Senate Minority Leader Mitch McConnell, who had come under heavy fire last month for his handling of the immigration bill, has performed heroically in recent weeks on several issues, including the war in Iraq, the "Fairness Doctrine" and enemy combatants. In doing so, the Kentucky Republican has been notably successful in advancing conservative principles and illustrating the incompetence and intellectual bankruptcy of the Democratic leadership.
On Wednesday, thanks in large part to Mr. McConnell's leadership, Senate Democrats came up eight votes short in their effort to obtain cloture on an amendment to begin withdrawing troops from Iraq within 120 days. During debate, Mr. McConnell drove home a point that was clearly embarrassing to Democrats: that even Senate Armed Services Committee Chairman Carl Levin could not explain how his own amendment would work. Sen. Harry Reid, clearly angered by the fact that his latest legislative attempt to undermine the war effort had failed, responded petulantly, pulling the defense authorization bill from the floor. By doing so, the majority leader is holding up funding to assist wounded war veterans, and to provide mine-resistant trucks to protect American soldiers in Iraq and Afghanistan. In short, Mr. McConnell helped expose the fraudulence of Mr. Reid's argument that the Democratic Party opposes the war but "supports the troops." In reality, Mr. Reid and his political allies demonstrated that they are more interested in scoring cheap political points against the war than in improving conditions for American fighting men and women.
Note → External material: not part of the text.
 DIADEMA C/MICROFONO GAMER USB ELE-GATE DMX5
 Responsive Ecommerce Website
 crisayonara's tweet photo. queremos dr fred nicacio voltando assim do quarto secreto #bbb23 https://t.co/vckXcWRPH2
But Mr. McConnell was only getting warmed up. Late on Thursday, he persuaded the Senate to pass by a 94-3 margin his amendment to an education bill which put the Senate on record in opposition to moving Guantanamo Bay detainees to military bases and jails inside the United States. The vote came as a surprise because many Democrats, among them Sen. Dianne Feinstein of California, view shutting down Gitmo as a great international public-relations move (even if it means that terrorists would be moved into jails located near American cities and towns.) Apparently, the Democrats hadn't bothered to read the McConnell amendment, so it passed easily.
And last — but certainly not least — Mr. McConnell is doing excellent work in leading the fight against reviving the notorious Fairness Doctrine. With Mr. McConnell's support, Sen. Norm Coleman has tried to offer as an amendment to other legislation his Broadcaster Freedom Act of 2007. The "fairness" policy was repealed 20 years ago by the Federal Communications Commission. On Thursday, Democrats led by Sen. Ted Kennedy blocked Mr. Coleman from attaching his amendment to the education bill on a 49-48 vote. Thanks in large part to Mr. McConnell's leadership, however, the overwhelming majority of Republicans have stood firm against any effort to revive the Fairness Doctrine and silence talk radio. That's effective leadership.